Tentation diabolique et désespérante qui fait échouer
le meilleur, parce qu’on mélange la fin et les moyens…

Pire : finir par avoir
confiance en soi-même, au point de ne plus laisser de place au
doute, à l’autre, à Dieu. Se croire juste, ou
fort, ou arrivé, ou utile, ou suffisant. Là est
l’ultime tentation, celle qui arrive quand toutes les autres
semblent surmontées, celle qui arrive parce que toutes les
autres semblent surmontées. Ultime tentation, ultime illusion,
qui n’est pas si rare : croire avoir surmonté les
tentations...

C’est une autre figure
de ce que l’Évangile appelle le péché
contre l’Esprit : se passer de Dieu. Et c’est cette
tentation que Jésus, quand elle lui est présentée,
balaye d’un rappel : « Tu ne te prosterneras que
devant Dieu seul. »
Ni devant une idole, ni devant une
tentation, ni devant toi-même. À nouveau, c’est
dans la prière, et nulle part ailleurs, que je vois plus clair
et peux m’épargner de trahir.

Soumets-nous… au bien !

Dans un monastère, le
moine-cordonnier, furieux, vient de jeter son outil, et se jette à
genoux. « Mon Dieu, je n’en peux plus. Les autres
moines passent leur vie à

lire, à méditer,
certains écrivent des livres ou réalisent des
enluminures. Et moi, quelle est ma vie ? J’ai pour tout horizon
un atelier poussiéreux et sombre, je respire à longueur
de journées le délicat parfum du cuir moisi, tout mon
art consiste à réparer de vieilles sandales…
Tandis que mes frères s’adonnent à de nobles
tâches, qui leur attirent estime et félicitations, voilà
à quoi j’use ma vie ! Je sais bien que tous les humains
doivent porter leur croix, je l’accepte, seulement voilà,
la mienne ne me convient pas ! Permets-moi d’en choisir une
autre… »

« Rien de plus
facile,
lui répond Dieu.

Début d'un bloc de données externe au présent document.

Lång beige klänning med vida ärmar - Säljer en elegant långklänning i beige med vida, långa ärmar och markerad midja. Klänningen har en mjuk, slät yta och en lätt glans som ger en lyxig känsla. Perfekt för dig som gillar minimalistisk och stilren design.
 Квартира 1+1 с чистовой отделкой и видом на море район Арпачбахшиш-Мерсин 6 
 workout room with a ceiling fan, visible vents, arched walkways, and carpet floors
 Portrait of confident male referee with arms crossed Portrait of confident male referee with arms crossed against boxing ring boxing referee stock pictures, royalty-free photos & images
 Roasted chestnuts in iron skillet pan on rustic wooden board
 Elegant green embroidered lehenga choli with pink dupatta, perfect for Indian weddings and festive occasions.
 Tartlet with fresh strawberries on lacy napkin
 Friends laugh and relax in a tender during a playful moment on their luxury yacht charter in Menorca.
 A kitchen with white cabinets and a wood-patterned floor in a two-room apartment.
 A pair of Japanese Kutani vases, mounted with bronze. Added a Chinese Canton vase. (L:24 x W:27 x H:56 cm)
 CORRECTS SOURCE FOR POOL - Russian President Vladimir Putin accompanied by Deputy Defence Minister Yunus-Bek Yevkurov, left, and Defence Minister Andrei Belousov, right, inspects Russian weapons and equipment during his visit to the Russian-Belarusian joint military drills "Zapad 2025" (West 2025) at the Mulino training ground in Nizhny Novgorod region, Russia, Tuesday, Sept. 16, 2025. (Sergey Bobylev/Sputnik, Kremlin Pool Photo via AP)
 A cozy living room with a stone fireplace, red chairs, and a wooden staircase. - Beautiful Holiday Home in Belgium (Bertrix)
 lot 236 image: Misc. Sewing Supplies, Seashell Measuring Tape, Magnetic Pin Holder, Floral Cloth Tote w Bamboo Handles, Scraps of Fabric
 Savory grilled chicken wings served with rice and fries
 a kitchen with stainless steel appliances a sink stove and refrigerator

Je vais te faire faire un
aller-et-retour au ciel, dans le lieu où sont entreposées
toutes les croix. Tu pourras toutes les essayer et choisir celle qui
te conviendra le mieux. »
Aussitôt là-haut, le
moine, émerveillé par la beauté et la diversité
de toutes les croix, commence à les essayer. Mais à
peine en a-t-il pris une qu’il la rejette avec effroi. Tour à
tour, il se sent lacéré, brûlé, noyé,
affamé, soumis au déshonneur, à l’exil, en
butte à la plus noire calomnie, enfin enfermé dans les
ténèbres d’une démence profonde…
Après de nombreux essais, il déniche toutefois une
croix qui, oui, lui convient. Il l’endosse : cela va, il se
sent à l’aise… cette croix sent bien un peu le
cuir moisi, mais enfin… « Cette fois ça y est,
s’écrie-t-il tout joyeux, j’ai enfin trouvé
la croix qui me convient ! »
Il lève alors les yeux
et voit tout le paradis rire à gorge déployée :
il vient d’endosser la croix qu’il avait déposée
en entrant…

Tentation de croire qu’une
autre vie serait plus belle que celle à laquelle Dieu nous
appelle…

Justement il nous reste une
question troublante : le Notre Père dit bien « ne
nous conduis pas vers l’obstacle »…
Pourquoi
Dieu nous conduirait-Il vers l’obstacle, pourquoi voudrait-Il
nous tenter ou nous faire tomber ? L’idée que Dieu
puisse tenter des humains, juste pour voir, pour examiner s’ils
resteront fidèles, un peu comme avec le personnage de Job,
cette idée ne peut être qu’absurde et choquante.
Mais, alors, pourquoi ne pas demander à Dieu de nous protéger
intégralement de toute tentation ? Pourquoi cette idée
que Dieu pourrait nous conduire vers l’obstacle ? “Ne
nous jette pas dans l’épreuve”
traduit Simone
Weil.

Sans doute parce que Dieu
sait que nous avons besoin de ces épreuves. Non pour nous
tester ni pour jouer, mais pour nous éprouver comme on trempe
un métal, nous forger, nous façonner en vue de ce qu’Il
attend de nous. Il sait que nous avons besoin de déconstruire
notre moi pour y renoncer, ou plutôt pour faire place à
un autre moi, celui qu’Il nous destine, celui auquel Il nous
appelle, celui dont lui-même et sa Cité ont besoin. Il
sait que les épreuves peuvent aider à déconstruire
ce vieux moi, ce vieil ego, le « vieil homme » dont
parlait l’apôtre Paul, et à forger le nouveau. De
même que le monde grandit à travers ses déchirures,
c’est à travers nos expériences, nos échecs,
nos errements et nos douleurs que nous grandissons, que nous nous
humanisons jusqu’à devenir capables de compréhension,
de compassion, d’amour et d’action envers autrui, lui
aussi déchiré. Dieu « châtie ceux qu’il
aime »
, comme l’exprimait déjà l’auteur
de la lettre aux Hébreux…

Si bien que ce que nous
demandons à Dieu, dans cette phrase du Notre Père,
c’est de nous conduire non pas sur un chemin où il n’y
aura plus d’obstacles, mais sur un chemin où il y en
aura qui nous feront grandir pour sa Cité, mais où il
nous épargnera ceux qui nous feraient trahir.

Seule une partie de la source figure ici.